Ilustrasi Kamar Penderita Hoarding Disoder. Sumber Foto : iStock

Suatu hari, selesai mandi saya teringat dengan shampo di kamar mandi saya yang sudah habis. Saya berjalan ke kamar mandi, saya ambil botol shampo saya yang kosong di kamar mandi. Bentuk botolnya sih biasa saja, tetapi ukurannya yang cukup besar membuat saya berpikir ulang untuk membuangnya, saya berpikir botol ini bisa saya gunakan lagi entah untuk apa nanti. Akhirnya saya pergi ke gudang berniat untuk memasukkan botol itu ke dalam kotak kardus tempat saya biasanya menyimpan barang-barang bekas.

Setelah membuka kardus penyimpanan di gudang, saya baru sadar, saya sudah banyak sekali 'mengoleksi' botol-botol kosong bekas shampo seperti ini. Dan entah mengapa saya masih berpikir suatu hari botol-botol ini akan berguna untuk menyimpan shampo saya yang baru jika saya beli lagi nanti. Tetapi, bukankah tidak pernah ada shampo dalam kemasan isi ulang? Lalu untuk apa saya mengumpulkan semua botol-botol shampo ini?

Mungkin sebagian pembaca artikel ini pasti akan bilang, "kan, bisa dipakai untuk hal-hal lain. Tinggal butuh kreatifitas sedikit saja lagi" Iya memang betul, tetapi bukan di situ poin saya kali ini. Poinnya adalah, sadarkah Anda bahwa yang saya lakukan tadi itu secara tidak disadari adalah sebuah gangguan mental? Istilah psikologi untuk menyebut 'kegemaran' menimbun barang-barang yang kita anggap akan berguna suatu hari nanti (padahal tidak) itu disebut Hoarding Disorder

Apakah bapak/ibu pembaca artikel ini suka mengoleksi botol-botol bekas air mineral, botol-botol parfum sisa suami atau istri Anda, tetapi setelah dipikir-pikir lagi Anda cenderung kesulitan menjawab perntayaan untuk apa dan mengapa Anda tiba-tiba menumpuk botol-botol bekas itu? Atau adek-adekku yang saat ini sedang nge-kost di perantauan, apakah kalian saat ini sedang tiduran di tengah-tengah kardus-kardus mie instan bekas yang berserakan di kiri kanan kalian? Bapak-bapak, ibu-ibu, adek-adek, ternyata perilaku seperti itu pun sudah dikategorikan sebagai hoarding disorder, tetapi mungkin masih ada di level yang rendah.

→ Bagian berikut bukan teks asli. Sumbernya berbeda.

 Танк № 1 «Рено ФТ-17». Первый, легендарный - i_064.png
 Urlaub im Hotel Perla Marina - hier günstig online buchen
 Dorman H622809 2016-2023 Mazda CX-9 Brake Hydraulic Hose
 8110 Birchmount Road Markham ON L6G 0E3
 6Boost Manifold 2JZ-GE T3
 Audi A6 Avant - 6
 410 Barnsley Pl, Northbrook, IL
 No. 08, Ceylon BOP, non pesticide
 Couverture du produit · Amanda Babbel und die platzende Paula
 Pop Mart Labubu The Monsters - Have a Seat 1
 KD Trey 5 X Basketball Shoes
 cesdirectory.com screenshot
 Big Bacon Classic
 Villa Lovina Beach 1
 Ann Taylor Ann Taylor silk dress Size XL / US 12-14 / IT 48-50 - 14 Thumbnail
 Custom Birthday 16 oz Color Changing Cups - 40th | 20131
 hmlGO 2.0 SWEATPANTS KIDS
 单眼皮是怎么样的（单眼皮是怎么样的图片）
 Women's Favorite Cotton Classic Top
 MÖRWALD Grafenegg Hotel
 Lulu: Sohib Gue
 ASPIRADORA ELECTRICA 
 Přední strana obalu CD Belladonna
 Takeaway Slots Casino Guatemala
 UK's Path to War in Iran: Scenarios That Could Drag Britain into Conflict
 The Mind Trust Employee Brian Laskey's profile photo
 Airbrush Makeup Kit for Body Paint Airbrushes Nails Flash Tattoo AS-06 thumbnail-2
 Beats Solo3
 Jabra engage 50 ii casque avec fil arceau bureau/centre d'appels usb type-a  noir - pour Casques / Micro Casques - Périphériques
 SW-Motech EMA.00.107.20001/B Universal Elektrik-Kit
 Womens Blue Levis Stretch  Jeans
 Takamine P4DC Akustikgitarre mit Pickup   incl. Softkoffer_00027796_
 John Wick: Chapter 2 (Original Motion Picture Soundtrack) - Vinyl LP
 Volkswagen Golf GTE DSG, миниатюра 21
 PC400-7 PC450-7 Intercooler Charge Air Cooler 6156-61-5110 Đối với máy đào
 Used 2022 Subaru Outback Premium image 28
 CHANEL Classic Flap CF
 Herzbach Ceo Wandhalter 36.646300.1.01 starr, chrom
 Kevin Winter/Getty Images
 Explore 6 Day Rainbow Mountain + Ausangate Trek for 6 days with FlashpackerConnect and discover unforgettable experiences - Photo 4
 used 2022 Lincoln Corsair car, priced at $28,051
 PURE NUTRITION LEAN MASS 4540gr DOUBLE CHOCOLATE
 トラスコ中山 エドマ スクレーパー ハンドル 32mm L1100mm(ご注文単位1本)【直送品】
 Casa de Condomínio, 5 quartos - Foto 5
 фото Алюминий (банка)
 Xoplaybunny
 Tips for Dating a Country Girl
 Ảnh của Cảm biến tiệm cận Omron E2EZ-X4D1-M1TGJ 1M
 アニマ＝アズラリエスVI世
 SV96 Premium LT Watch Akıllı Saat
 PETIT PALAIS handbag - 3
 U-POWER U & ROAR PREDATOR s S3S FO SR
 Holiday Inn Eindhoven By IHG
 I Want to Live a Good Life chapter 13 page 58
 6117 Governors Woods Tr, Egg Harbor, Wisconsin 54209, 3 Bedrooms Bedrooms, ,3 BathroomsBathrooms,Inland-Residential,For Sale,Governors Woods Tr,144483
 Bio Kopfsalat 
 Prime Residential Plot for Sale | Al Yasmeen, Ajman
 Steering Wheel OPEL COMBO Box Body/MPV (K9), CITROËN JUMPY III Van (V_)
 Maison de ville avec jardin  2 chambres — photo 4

Saya pun baru tah tentang fakta ini. Sebenarnya kita ini juga punya bakat hoarding disorder sexara alamiah.

Sekitar 3 minggu yang lalu, jika Anda menonton berita, ramai dikabarkan sebuah kamar di salah satu kost-kost-an putri yang di dalamnya terdapat banyak sekali tumpukan sampah dan pakaian-pakaian kotor. Tetapi anehnya si penghuni kost selama ini masih saja tinggal di dalam kamar kost-kostan itu dan tanpa pernah terlihat membersihkan kamarnya sekalipun menurut tetangga kamar kostnya. Bahkan yang lebih mengejutkan lagi adalah pengakuan si penghuni kost yang memang selama ini mengaku ia tidur bersama dengan sekian banyaknya sampah-sampah dan baju kotor di kamarnya itu.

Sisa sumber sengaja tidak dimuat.